It’s amazing that Singapore is considered such a small Island in comparison to the rest of South Eastern Asia, but I feel like there’s still so much to explore. Living in the country for school definitely gives me a lot of time to do so, but there’s always an internal battle between staying to explore more of Singapore on the weekends, or travelling abroad to explore a new country. In my first month and a half of being here, I think I definitely have had many adventures, one of which includes falling off a mountain bike… (Thankfully I’m all healed now!) But check out the experience leading up to it below, plus a few snip-its from the cultural towns throughout the country:
So I found out that the word Pulau actually means “Island” in the Malay language (one of the 4 national languages of Singapore). Pulau Ubin is a little Island just off the coast of Singapore, but it’s technically still a part of the country. I heard that it was a fun day trip to explore the island on bicycles and go for a swim. So one Saturday morning, myself and 5 other friends decided to take a ferry over and spend the day there. And let me tell you, that was a day I would never forget…
Arriving on the Island, there were a ton of little shops looking to rent out bikes. They seemed like your average bike you would ride on the streets of Toronto back home and it cost about $5 for the day. Considering the Island was huge, walking seemed unreasonable, so we grabbed some bikes and we were off. It was fun visiting some boardwalk areas, and even doing a lot of hiking and trekking through the forests. Some of the views were, honestly, breathtaking. Singapore reminds me a lot of Toronto in the sense that the streets scream busy, hustling bustling city, with a ton of buildings and skyscrapers. The hiking was a really great escape from it all to just breath, relax and take in nature; something I think I don’t do often enough.
Pineapple is one of my most favourite fruits! But I’ve never seen it being grown on a tree until now… so cool!

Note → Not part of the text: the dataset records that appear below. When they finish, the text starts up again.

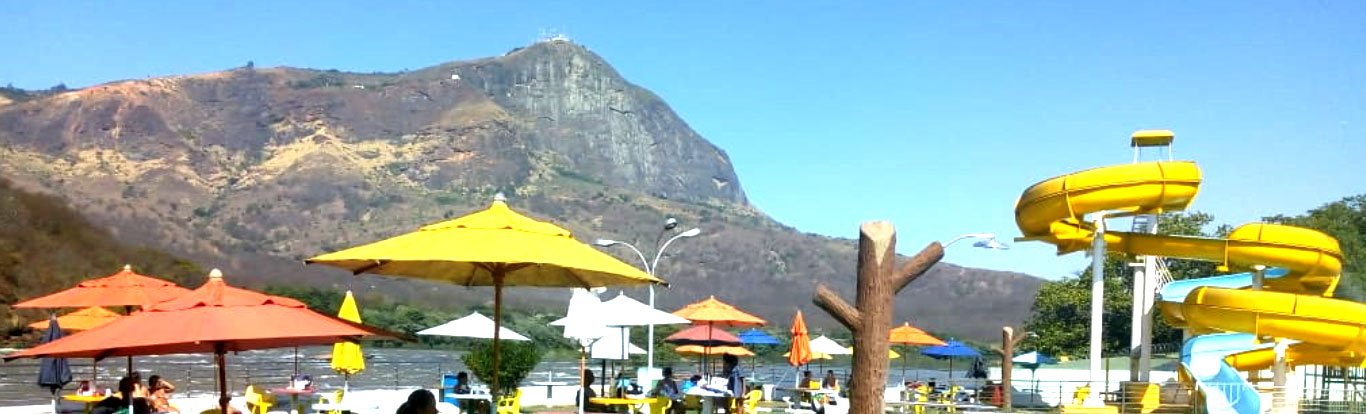 Piscinas do Garfo Clube com vista para a Ibituruna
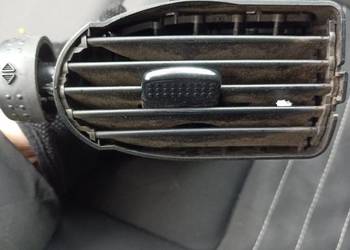 Kratka nawiewu prawa Mercedes A klasa W168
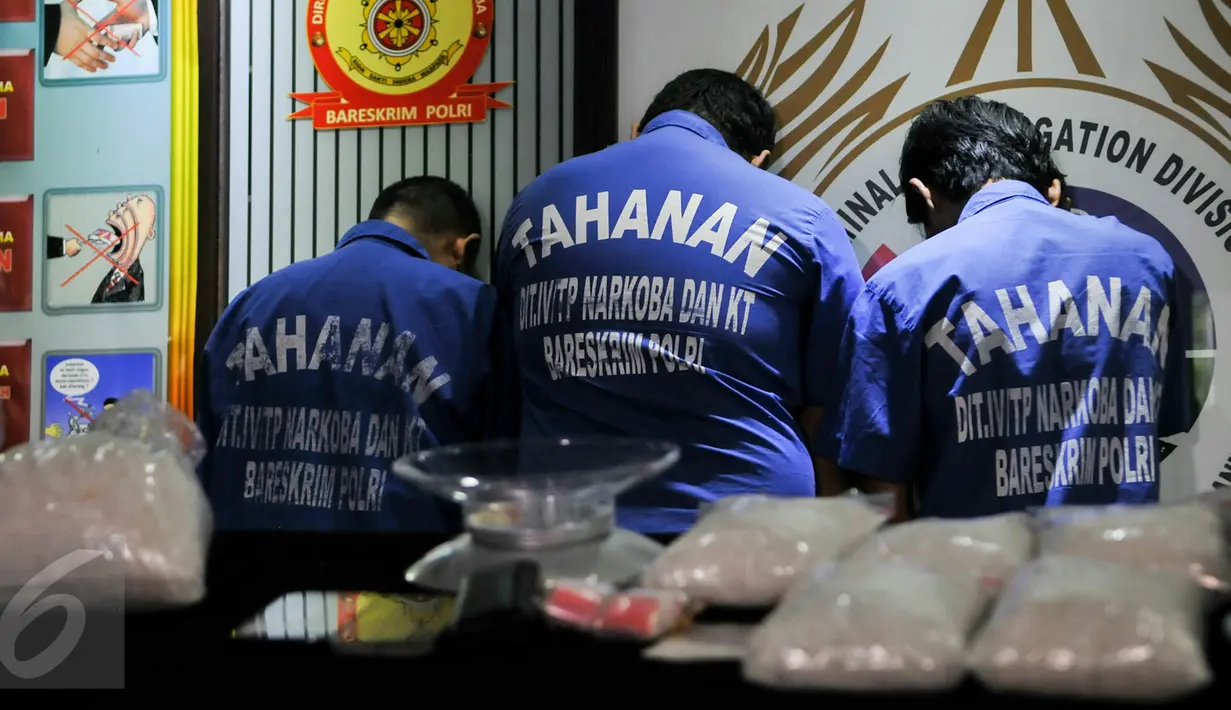 Tersangka sindikat narkotika Internasional dihadirkan saat rilis di kantor Dirtipid Narkoba Bareskrim Polri, Jakarta, (18/3). Polisi berhasil ungkap sindikat narkotika jaringan Malaysia-Indonesia dengan bukti 11kg shabu. (Liputan6.com/Yoppy Renato)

After a doing a couple hikes, we decided to try a mountain biking trail. I personally have never done mountain biking in my life, and I am 100% confident the bikes we were given were not meant for mountain biking. Bu, it’s all a part of the adventure – we hopped on an easy trail going upwards on a hill. It was unlike anything I expected with a ton of bumps and rocky trails, but I’m glad I did it. (Although my butt felt really sore after getting up the hill). We had a little snack at the top and then decided it was time to throw in the towel after a long day of biking. So, we hopped back on the bikes and headed back down the trails. I assumed downhill would be easier than uphill because less leg work meant freely cruising down the hills, right? WRONG. There was less leg work but so much more braking to control the speed of my bike. All of a sudden, my bike hit a rock and went off the trail. I pressed the brakes on the handlebars and then… chaos hit. My bike did a 180 degree spin and I was thrown to the side of the trail, followed by my bike crashing on top of me. Everyone turned around and saw me lying on the ground and rushed over. As much as I was kind of laughing about it, deep down inside, I also realized how much pain my leg was in (because I ended up landing on my right thigh and arm). I saw a few cuts on my right arm, which wasn’t too bad. But when I tried to get up, I couldn’t move my right upper leg because of the pain. It felt like an awkward strain or muscle pull. Finally after 15 minutes, my friends helped me to my feet but I was a limping disaster. In short, I ended up sitting on my bike as one of my guy friends pushed me along the whole way back.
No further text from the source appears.